Prompt => Take the line that contains "Volkswagen ID.7 2025 Punainen (Kings Red)" and each line after it to the end of the data below, and set them down exactly, omitting pictures.

[Input data — start]

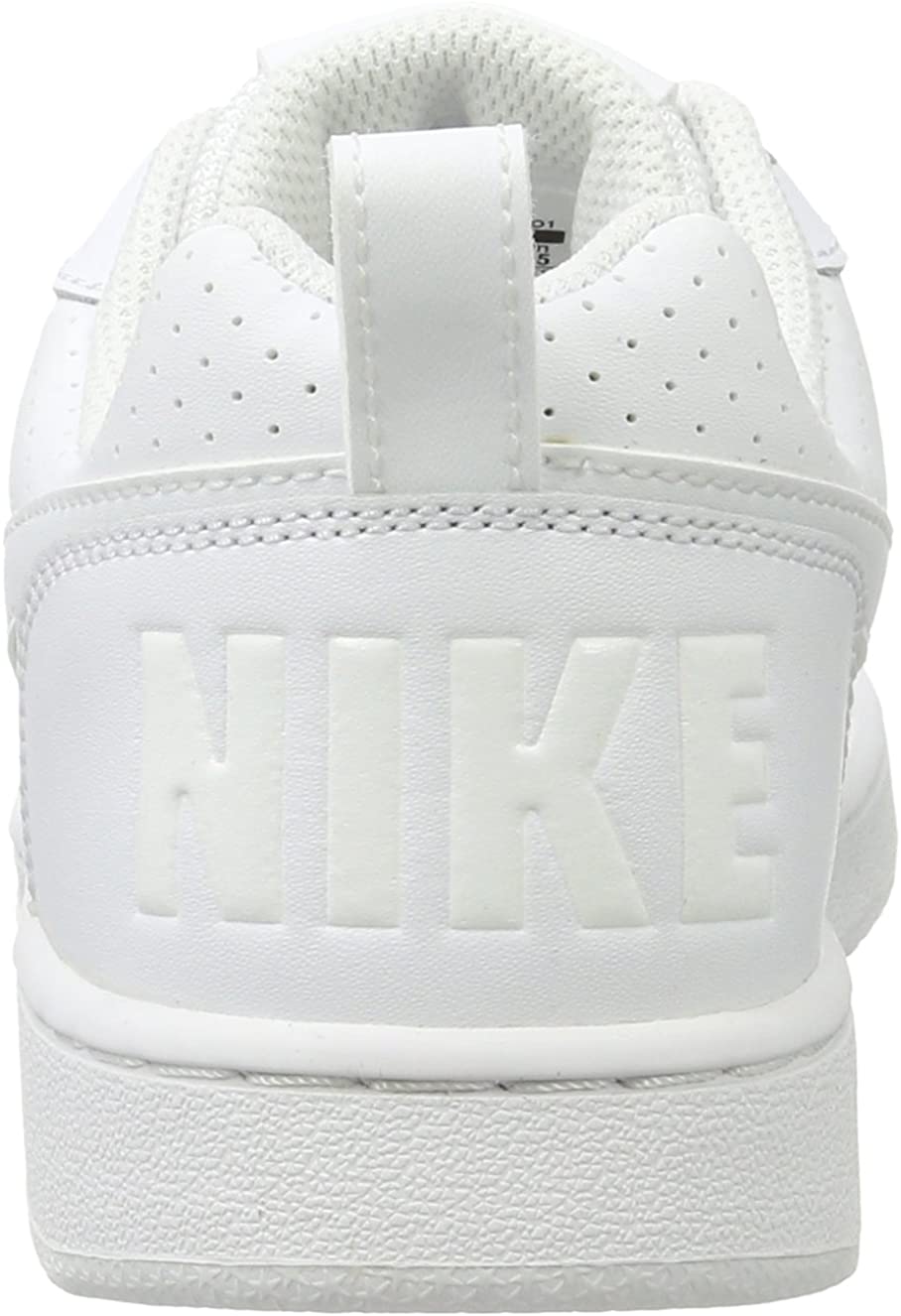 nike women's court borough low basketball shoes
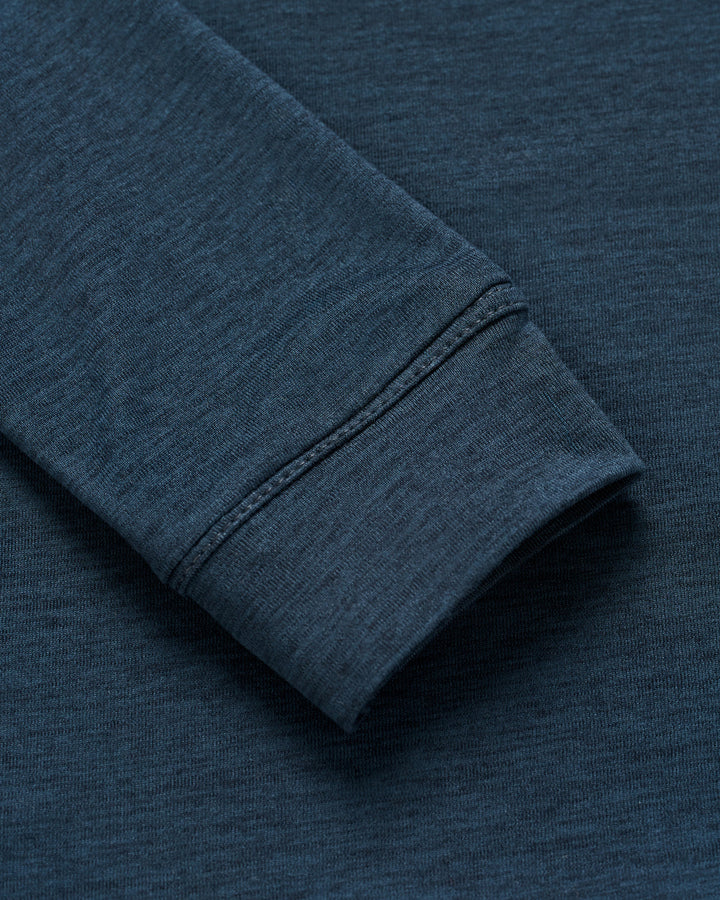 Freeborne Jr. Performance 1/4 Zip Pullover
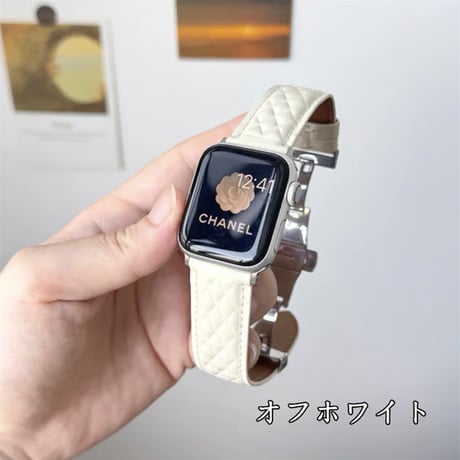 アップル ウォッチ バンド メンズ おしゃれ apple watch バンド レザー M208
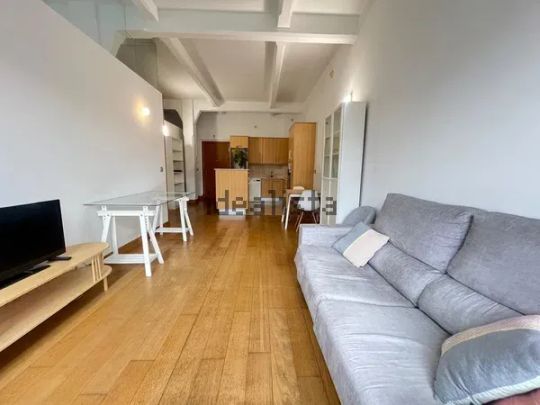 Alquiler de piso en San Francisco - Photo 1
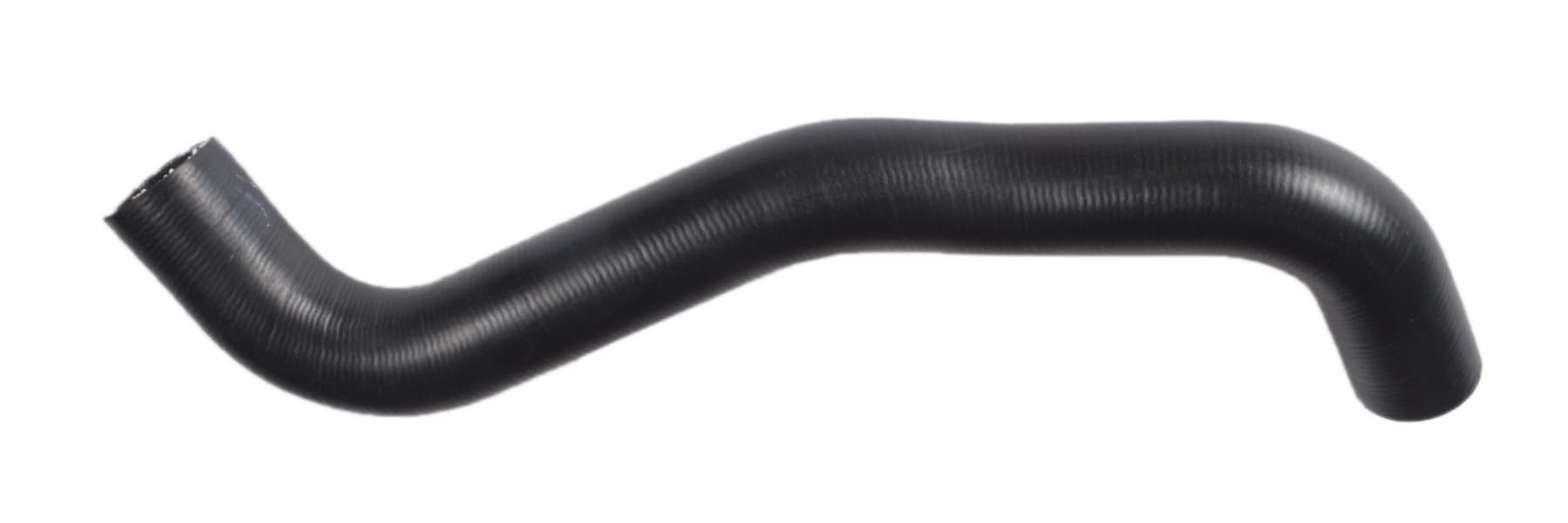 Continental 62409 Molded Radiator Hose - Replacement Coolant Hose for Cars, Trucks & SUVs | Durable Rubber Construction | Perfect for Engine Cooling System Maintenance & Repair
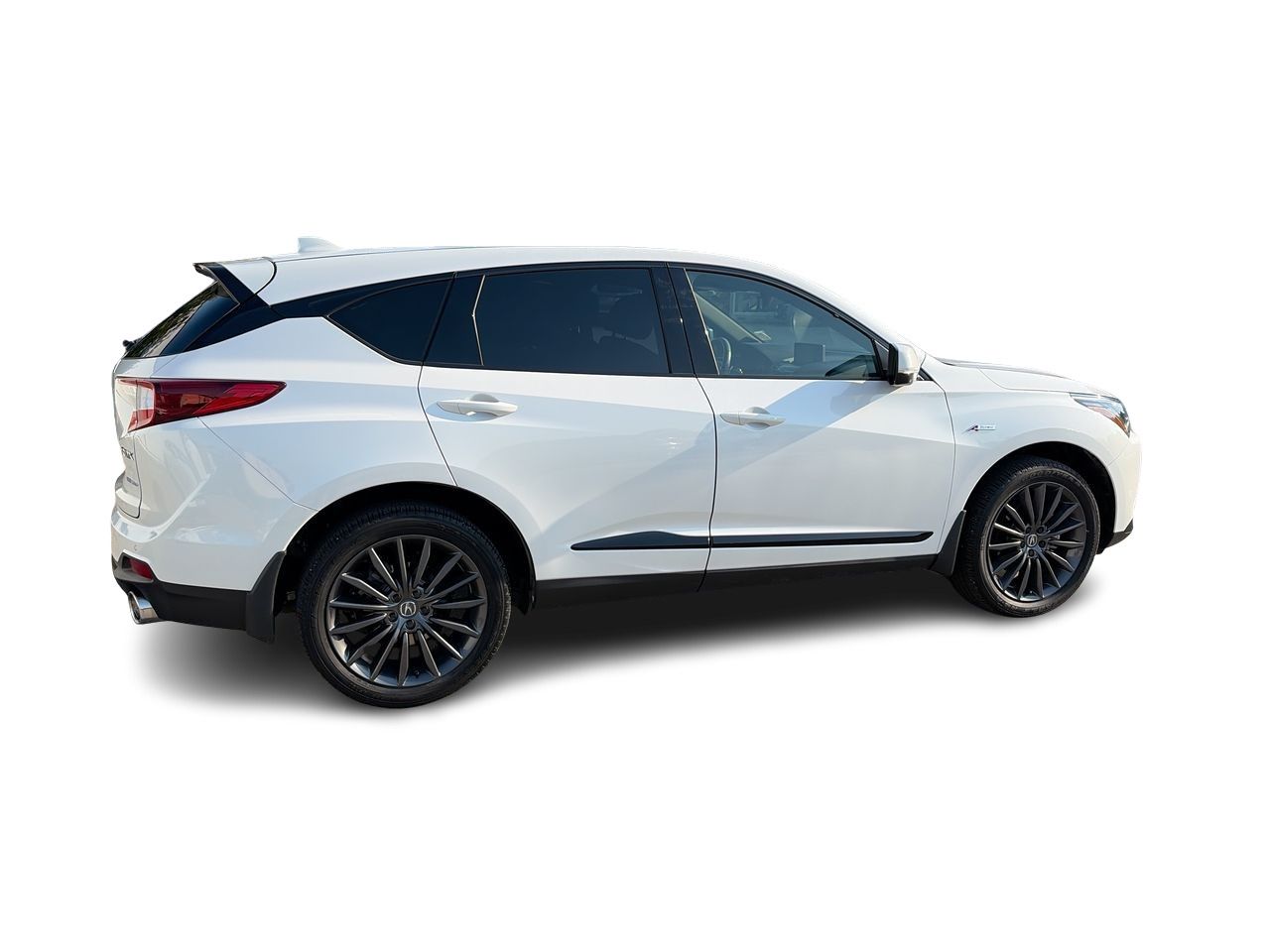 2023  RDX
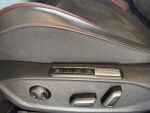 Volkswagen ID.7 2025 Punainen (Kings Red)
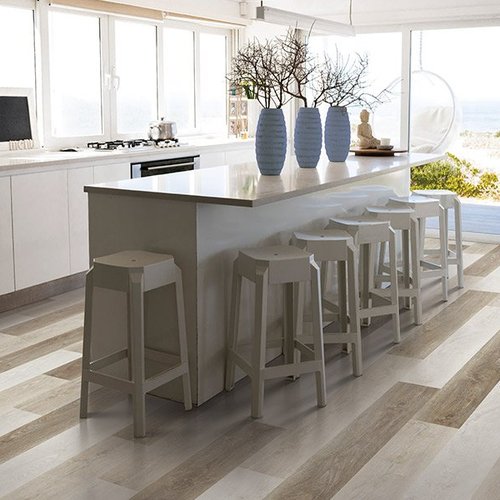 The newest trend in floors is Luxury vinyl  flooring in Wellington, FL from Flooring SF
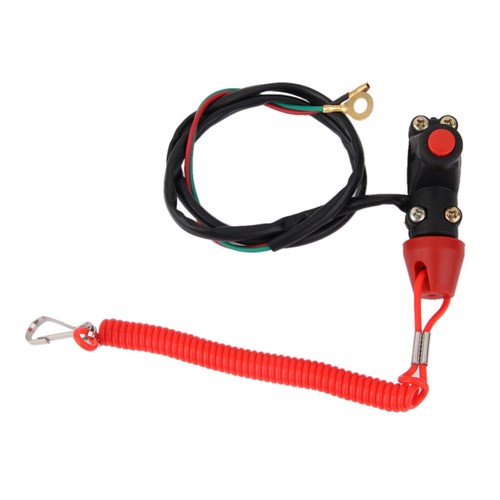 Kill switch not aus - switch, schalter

[Input data — finish]

Exercise output =>
 Volkswagen ID.7 2025 Punainen (Kings Red)
 The newest trend in floors is Luxury vinyl  flooring in Wellington, FL from Flooring SF
 Kill switch not aus - switch, schalter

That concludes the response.